- Problem
Dropping every picture, set down exactly the lines in the entries below, starting with the line with "Block chord voicing with added tension" and going on through the line with "Prompt: Sketch orc".

- Extracted records

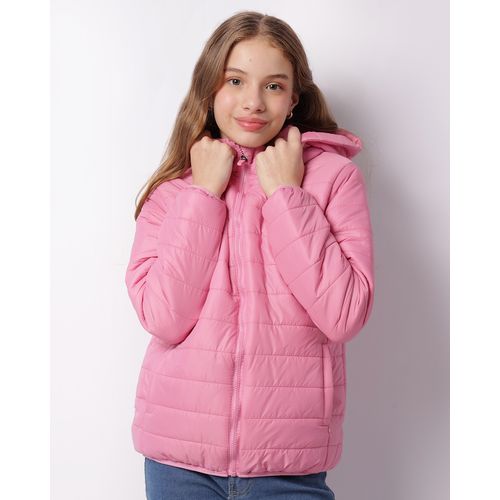 Jaqueta Juvenil Puffer com Capuz Bolsos Rosa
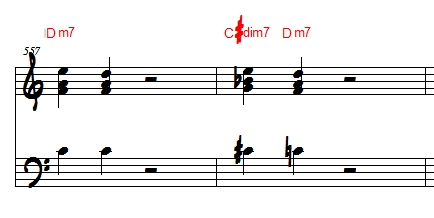 Block chord voicing with added tension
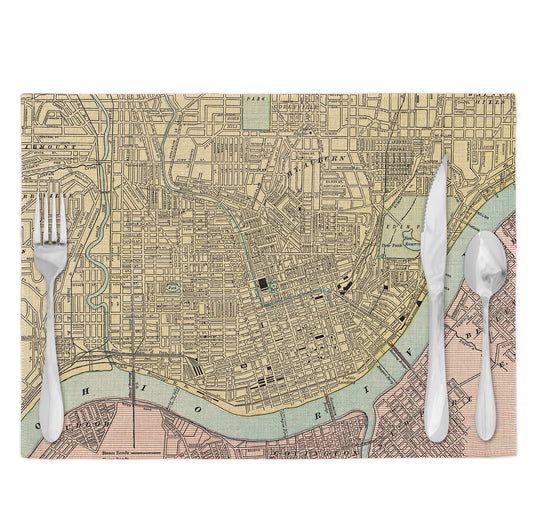 Cincinnati Ohio Vintage Map Placemats Set of 4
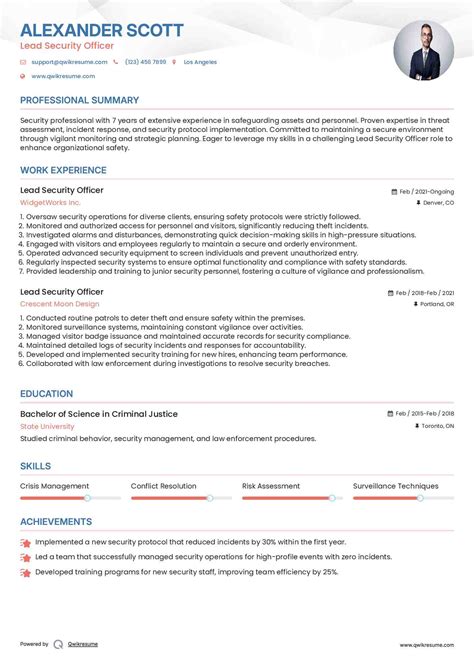 10+ Lead Security Officer Resume Samples & Templates for 2025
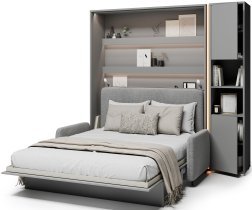 Bed Concept - Set: Bett im Schrank BC-01, Kopfteil BC-16, Sofa BC-18, 3x LED, Schränke BC-08, Matratze – 140x200 cm – grau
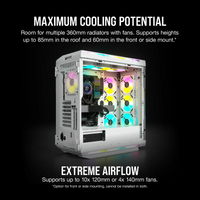 5000T RGB White Tempered Glass Mid-Tower; 2x 3.5'' |  4x 2.5'' Drive Bays; Up to 360mm Radiator compatible; 4x 120mm fan incl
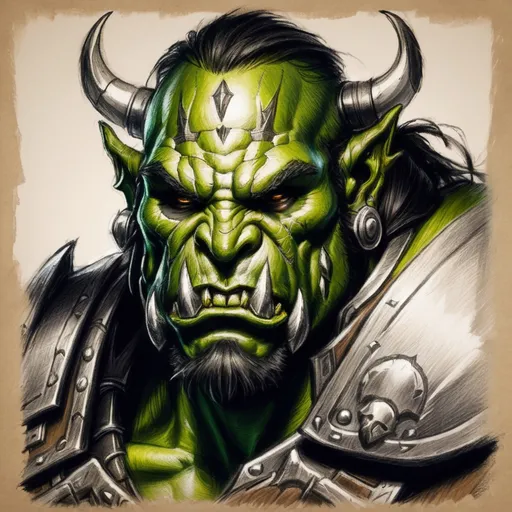 Prompt: Sketch orc warrior face, scars, tusks, heavy armor, sword, on dark green paper. World of Warcraft art, pencil detail texture.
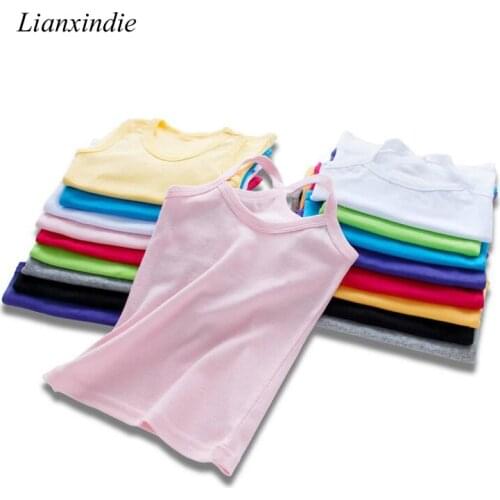 Boys Girls Solid Candy Colors Summer T-shirts Children Sleeveless Beach Kids 100% Cotton Underwear For 4 6 8 10 12 14 Years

- Output for this exercise
 Block chord voicing with added tension
 Cincinnati Ohio Vintage Map Placemats Set of 4
 10+ Lead Security Officer Resume Samples & Templates for 2025
 Bed Concept - Set: Bett im Schrank BC-01, Kopfteil BC-16, Sofa BC-18, 3x LED, Schränke BC-08, Matratze – 140x200 cm – grau
 5000T RGB White Tempered Glass Mid-Tower; 2x 3.5'' |  4x 2.5'' Drive Bays; Up to 360mm Radiator compatible; 4x 120mm fan incl
 Prompt: Sketch orc warrior face, scars, tusks, heavy armor, sword, on dark green paper. World of Warcraft art, pencil detail texture.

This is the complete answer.